By Chinese Association of Automation | June 13, 2017

The power grid’s physical components are continuously improving, with the integration of renewable power sources and advances in physical technology. The software underlying the safe function of the upgraded grid, however, isn’t keeping up.

Engineers depend on the software to predict and correct for potential errors to set constraints on the rest of the system. Scientists from Case Western Reserve University in Cleveland, Ohio, have proposed a new way to calculate and correct a particularly critical error in large-scale distribution systems. They published their method in IEEE/CAA Journal of Automatica Sinica (JAS), a joint publication of the IEEE and the Chinese Association of Automation.

“We need new methods for calculations of emerging distribution systems to properly model and calculate these systems in faulted conditions,” said Luka Strezoski, a doctoral student at Case Western Reserve University and an author on the paper.

In the traditional grid system, the power alternates currents, which can result in a fault if it the current encounters an pathway with no resistance. This short-circuit fault can produce power 30 times the intended rate, which can lead power disruption, equipment damage, and even fire.

“The biggest difference between modern distributed generators and traditional alternating current machines [if a fault occurs]… is that the short-circuit currents of modern distributed generators are controlled, whereas traditional alternating current machines lose their control,” Strezoski said. It may sound safer to maintain control, but the difference causes several problems.

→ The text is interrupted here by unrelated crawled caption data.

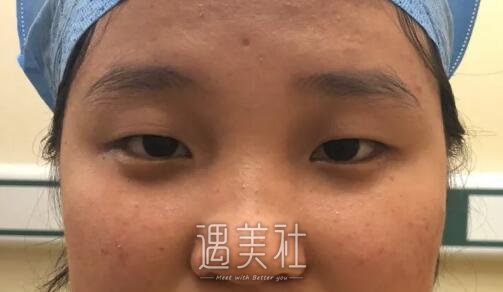 宁波悦尔整形医院做双眼皮有保障吗?案例及果图分享~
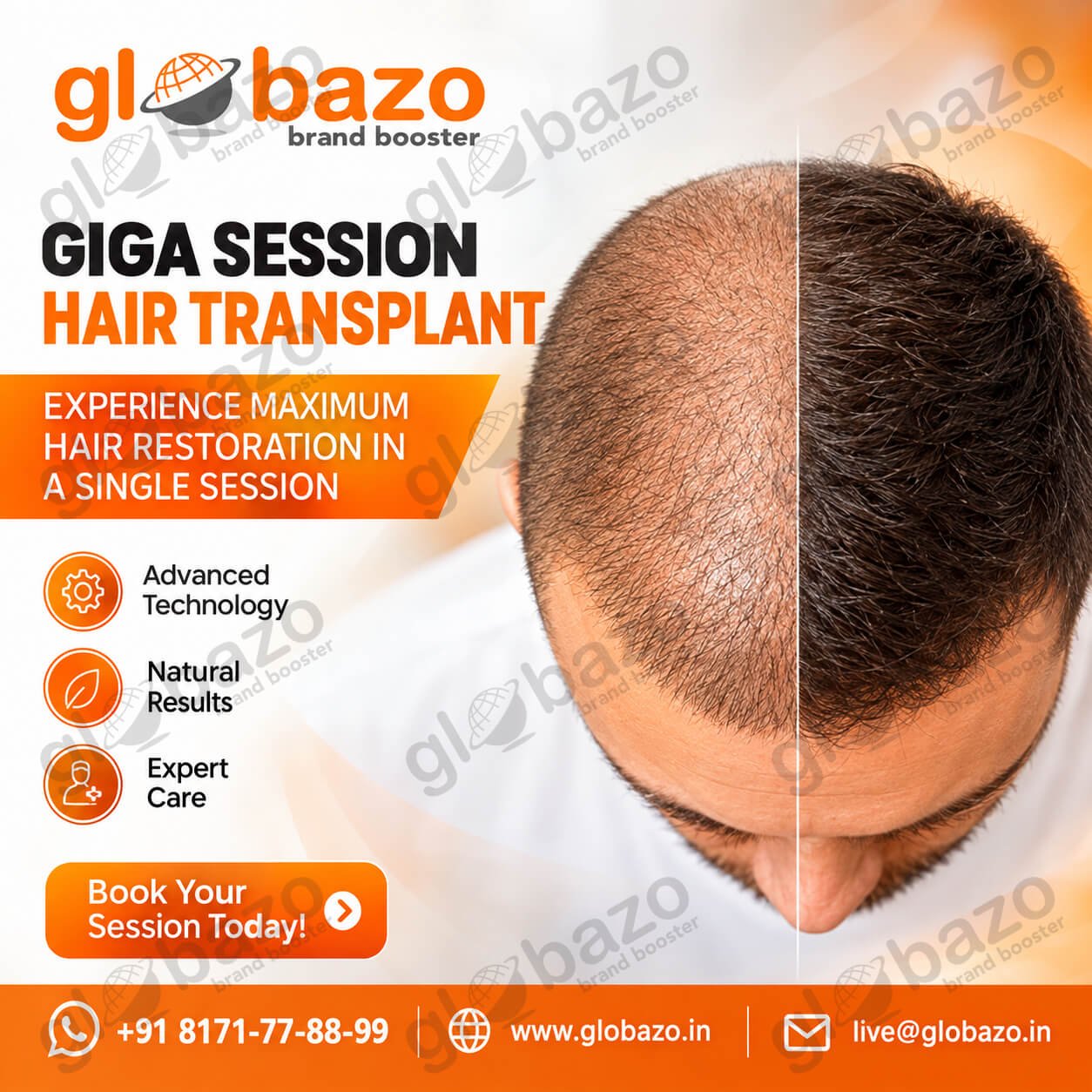 Hair Transplant Treatment (Health-448)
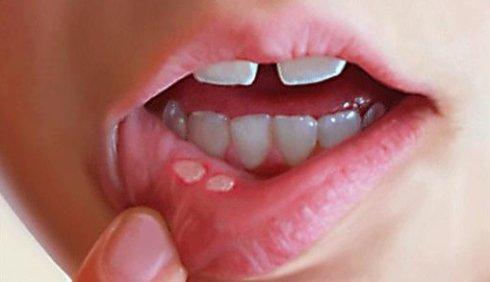口腔溃疡吃消炎药有用吗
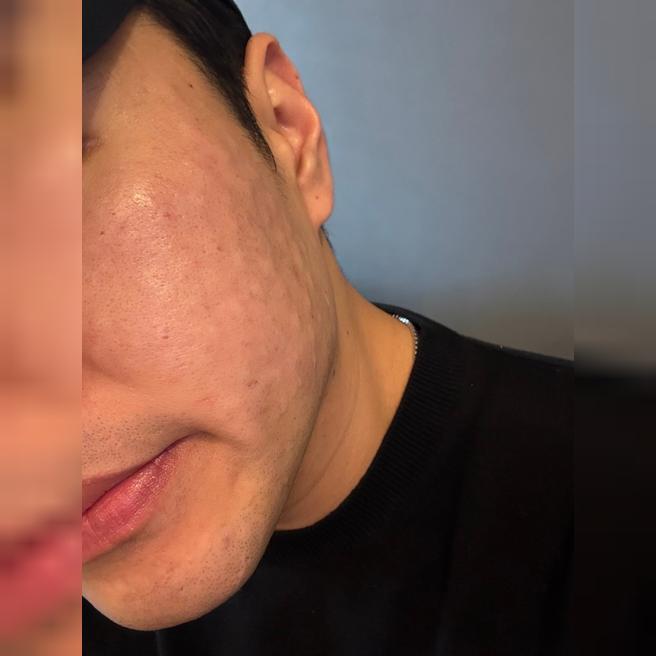 리쥬란힐러 두 번째도 만족! 효과 좋아서 또 왔어요 + 이번엔 보톡스까지!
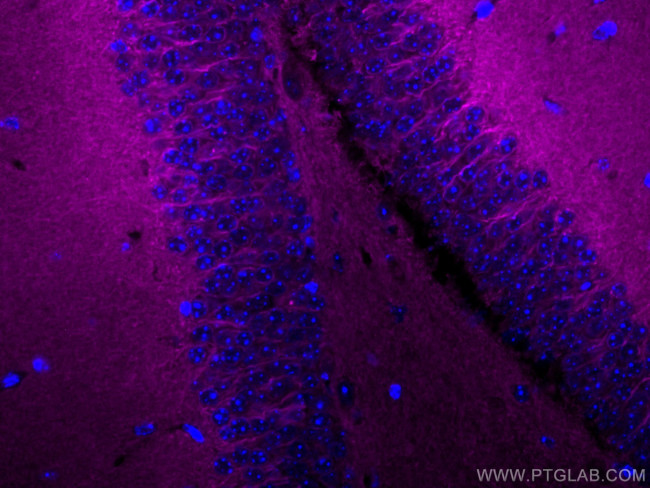 P2RY1 Antibody in Immunohistochemistry (Paraffin) (IHC (P))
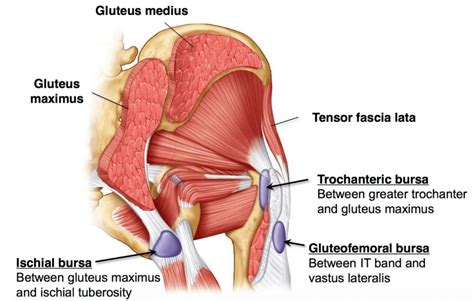 Trochanteric Hip Bursitis Treatment in NYC | NYDNRehab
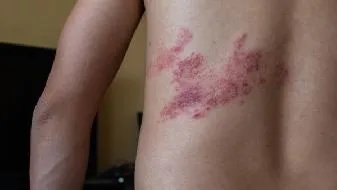 男性肝癌的早期症状主要有什么?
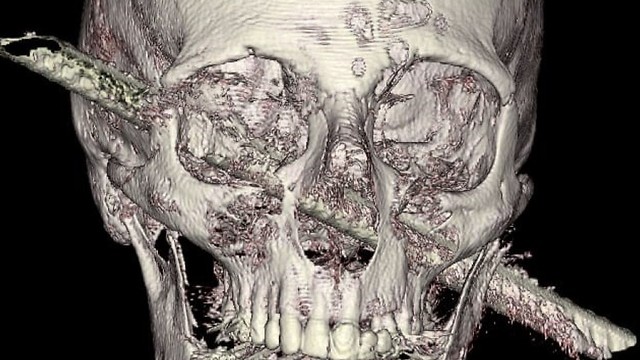 Голова больного со стержнем внутри. Снимок для диагностики: больница "Хадасса"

Engineers use the current range calculated by a short-circuit computation to set the relay limits for the entire system. The computation used on a traditional system is time-tested as accurate and reliable. The same computation on a distributed generation system, with decentralized power dispersal, introduces high errors with a trickle down effect of miscalculations for the rest of the system.

“The real-time short-circuit computation needs to satisfy two necessary assets: it needs to be fast, and it needs to highly accurate,” said Strezoski.

Strezoski and his team simplified an existing algorithm, capable of predicting every potential future and past state of a system and using those states to make real-time operating decisions quickly, and combined it with another algorithm capable of modeling traditional and modern power systems. The proposed method was used in four large-scale simulations, and it was able to accurately optimize the system in 74 milliseconds.

The researchers are now examining how to predict and correct other fault types, as well as developing potential control strategies for emerging distributed energy resources.